- **Required work**
Below are entries with pictures in them. Output exactly the lines starting at the line with "Thumbnail - MCW" and ending at the line with "24 Cristal D’Arques", both included, but not the pictures.

___

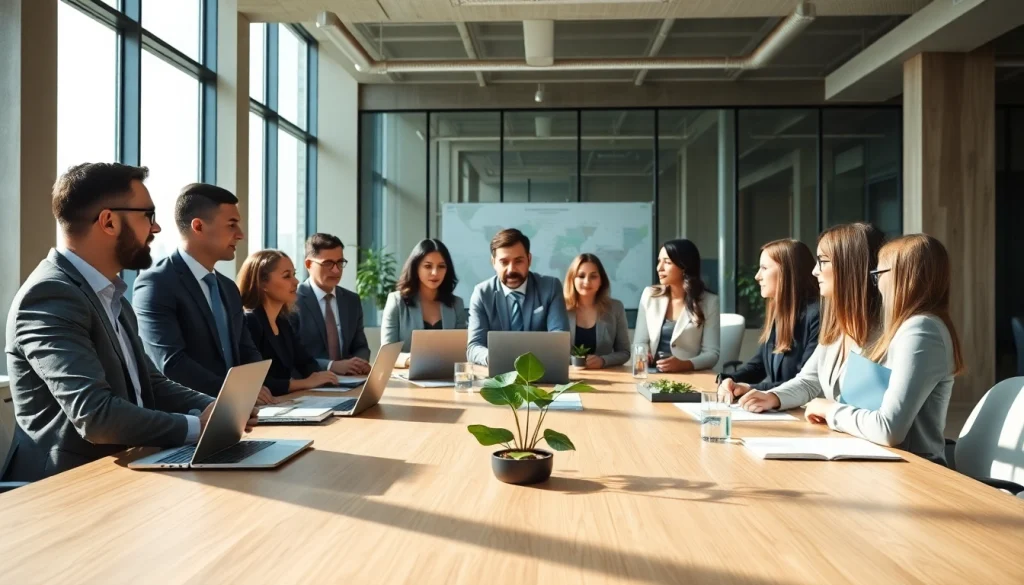 An engaged environmental law firm team strategizing solutions in a modern office.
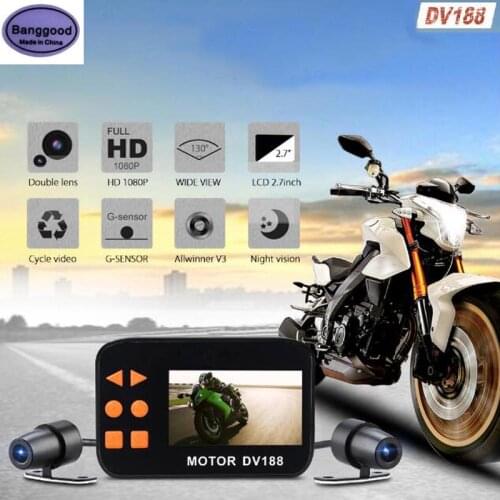 DV188 2.7" Waterproof Motorcycle Dash Cam Moto DVR Sports HD Camera Front Rear Dual Lens Realtime Surveillance Video Recorder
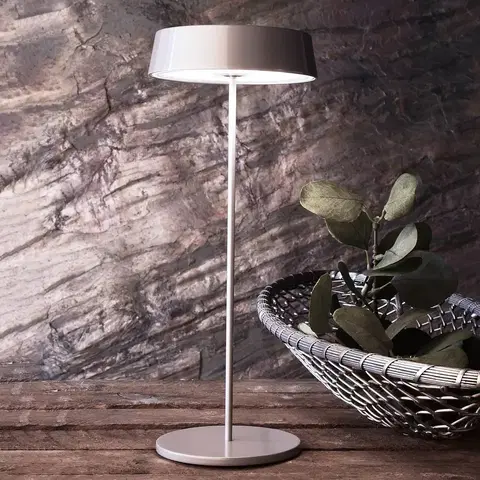 Vonkajšie osvetlenie terasy Deko-Light Stolná LED lampa Miram batéria, stmievateľná, sivá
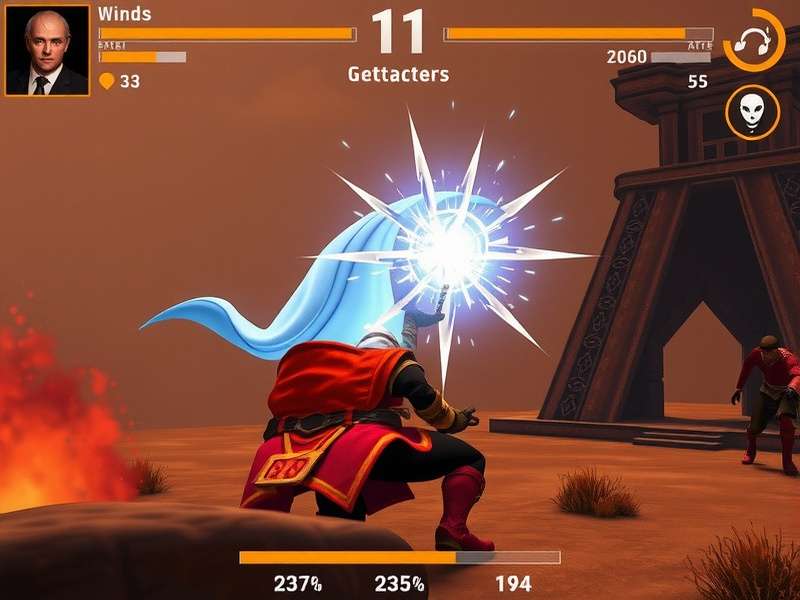 Dust Devil Master - Wind Power Gameplay Dust Devil Master gameplay screenshot showing character using wind powers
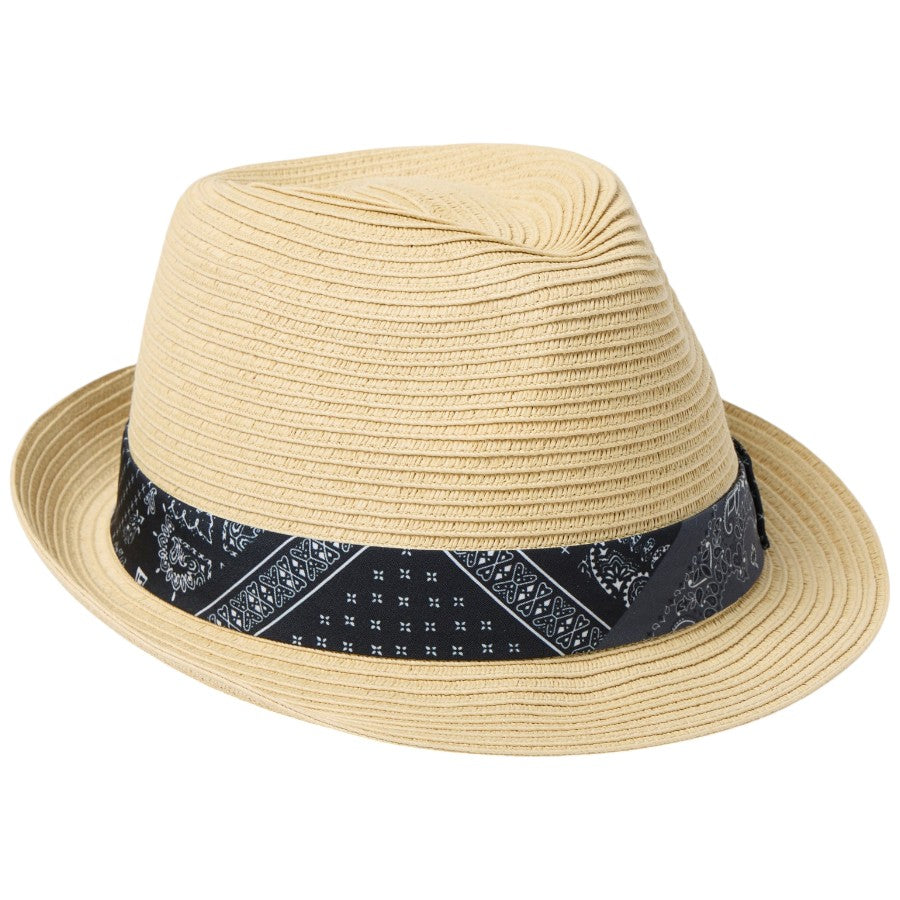 ニューエラ ハット 麦わら帽子 ペーパーハット NEW ERA HAT トリルビー ブルーぺイズリーテープ ナチュラル 14744663 左斜め前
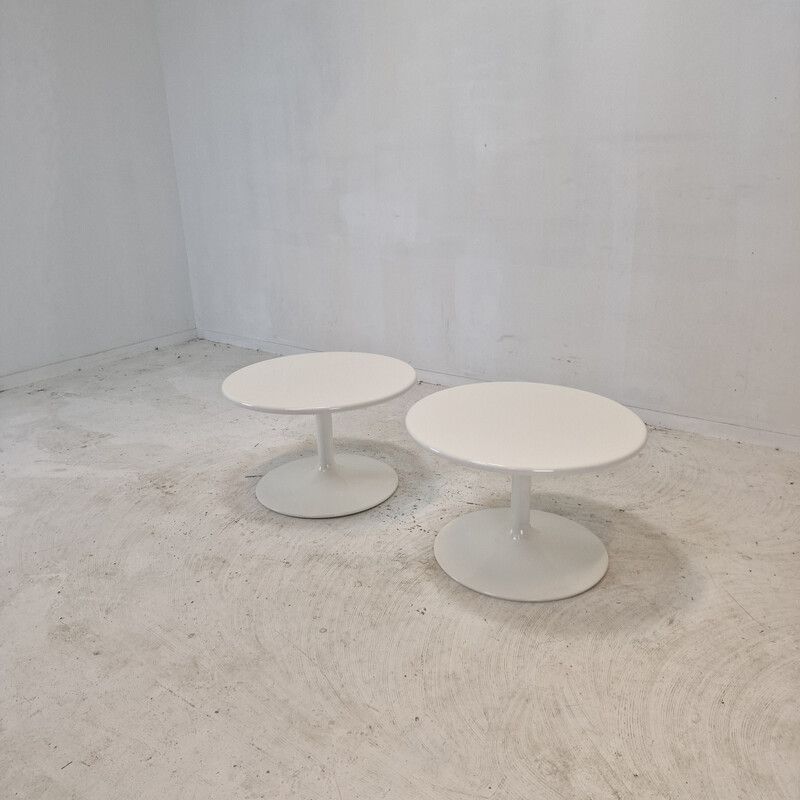 Table basse vintage "Circle" en bois blanc et métal par Pierre Paulin pour Artifort, 1970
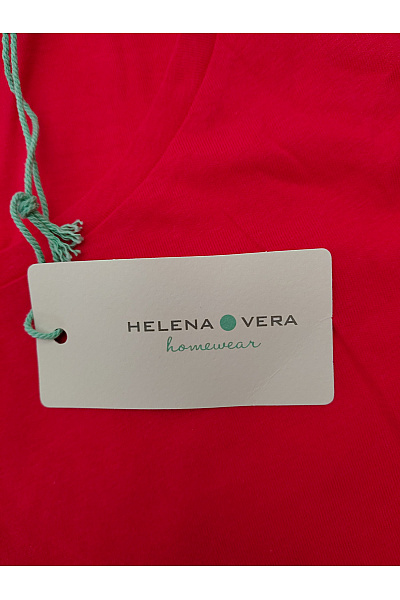 HELENA VERA Červené bavlněné dámské tričko s krátkým rukávem a kulatým výstřihem basic Velikost EU 52/54 | HELENA VERA | obrázek 5
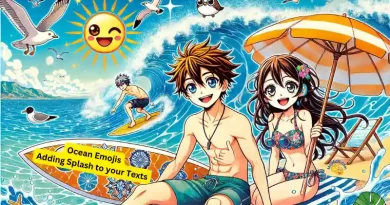 Anime-style beach scene with characters enjoying the ocean, with added emojis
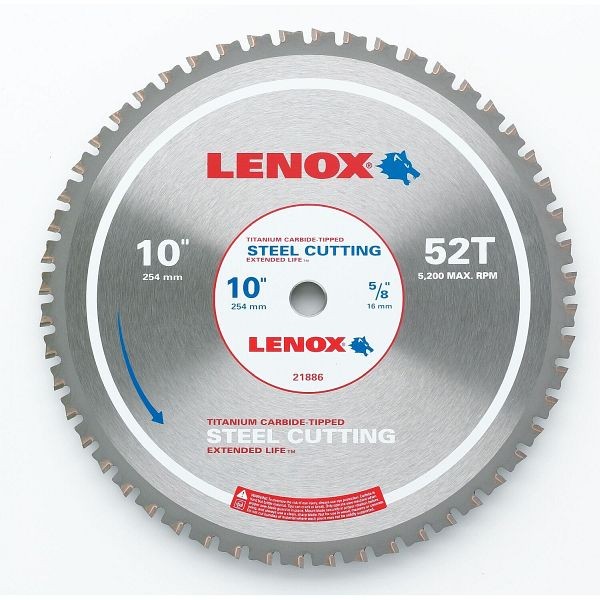 LENOX Circular Saw 10" x 52 Steel, 21886ST100052CT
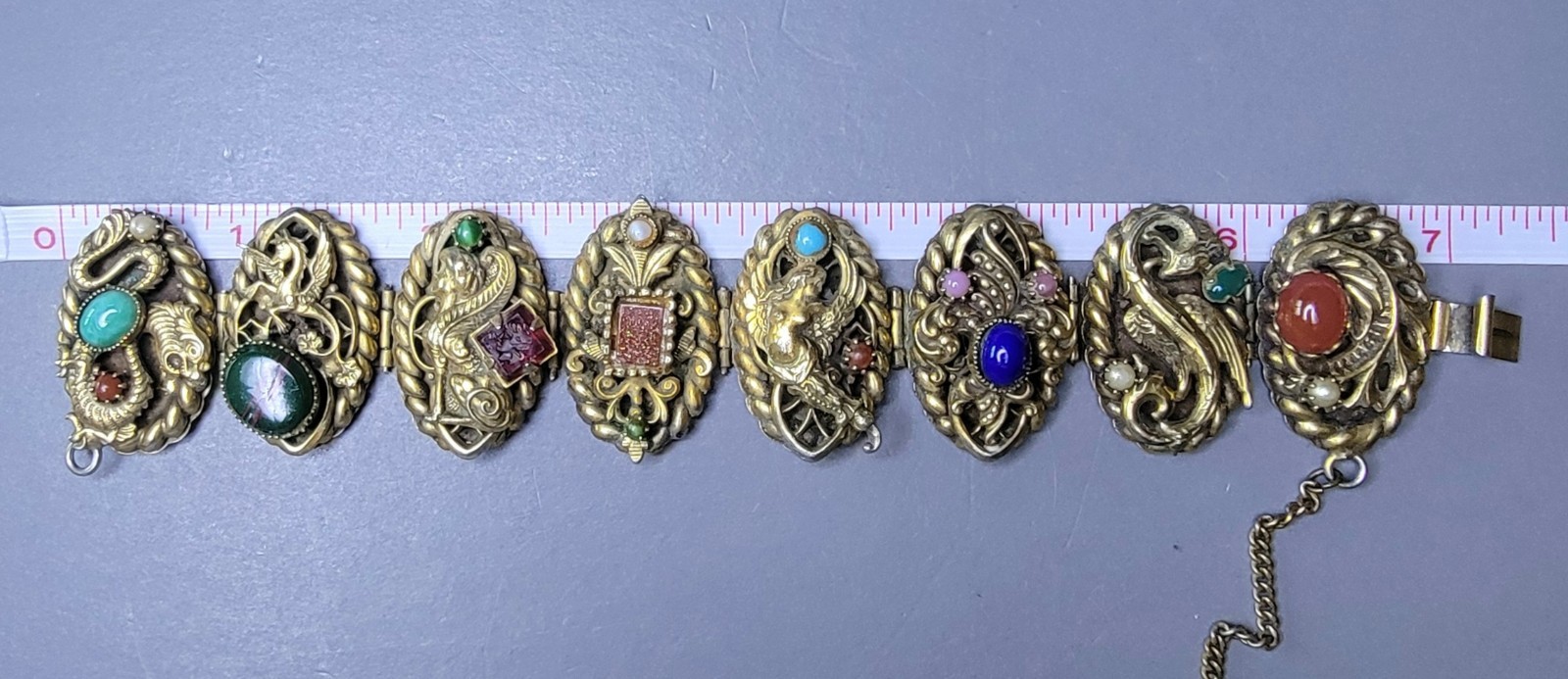 30s 50s High-Relief Dragons, Phoenixes, Protective Mythical Creatures Bracelet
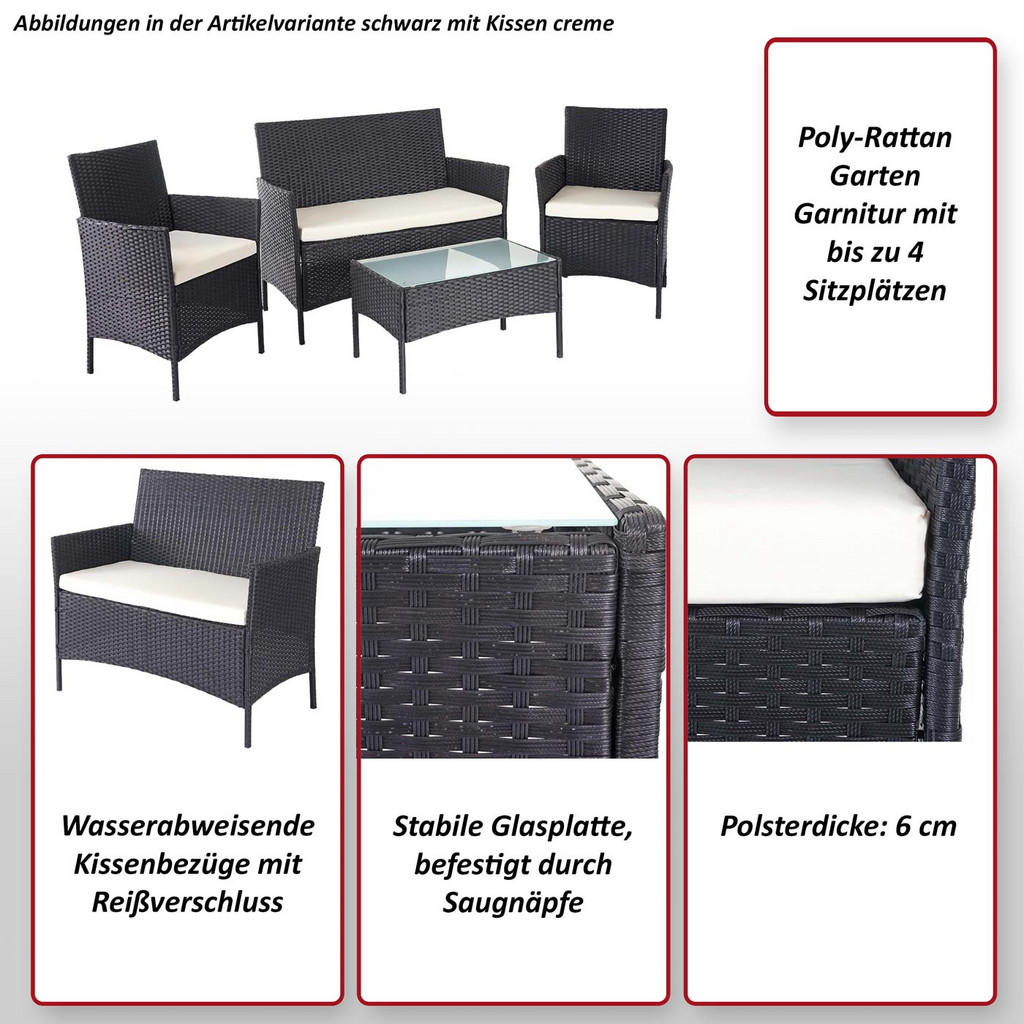 Thumbnail - MCW Poly-Rattan, Braun, Weiß, Kunststoff, Gartenmöbel, Gartenmöbel-Sets
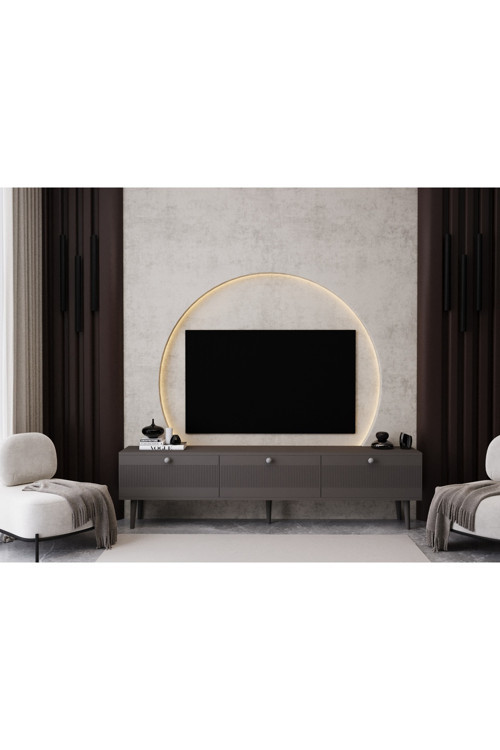 MELURA TV ÜNİTESİ 180 CM 3 KAPAKLI %100 MDF LAKE AHŞAP AYAKLI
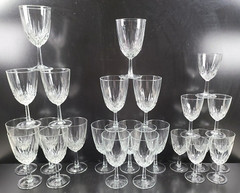24 Cristal D’Arques Diamant Goblets Iced Tea Wine Glasses Set Clear Cut Etch Lot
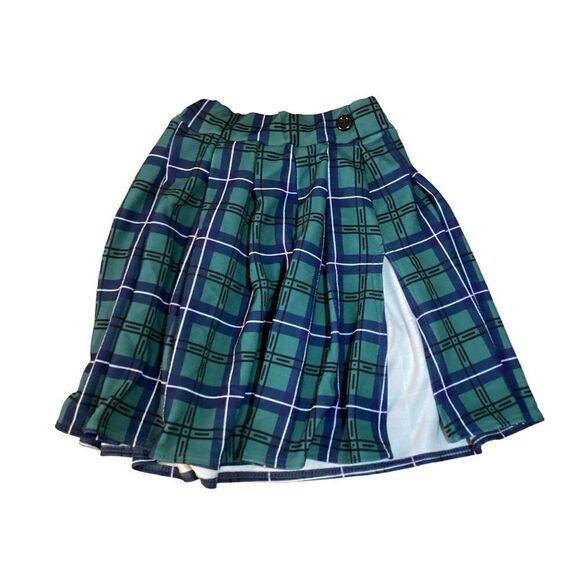 Pretty Little Thing Plaid Skirt Side Slit Schoolgirl Alternative Grunge Punk - Picture 1 of 7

___

- **Expected answer**
 Thumbnail - MCW Poly-Rattan, Braun, Weiß, Kunststoff, Gartenmöbel, Gartenmöbel-Sets
 MELURA TV ÜNİTESİ 180 CM 3 KAPAKLI %100 MDF LAKE AHŞAP AYAKLI
24 Cristal D’Arques Diamant Goblets Iced Tea Wine Glasses Set Clear Cut Etch Lot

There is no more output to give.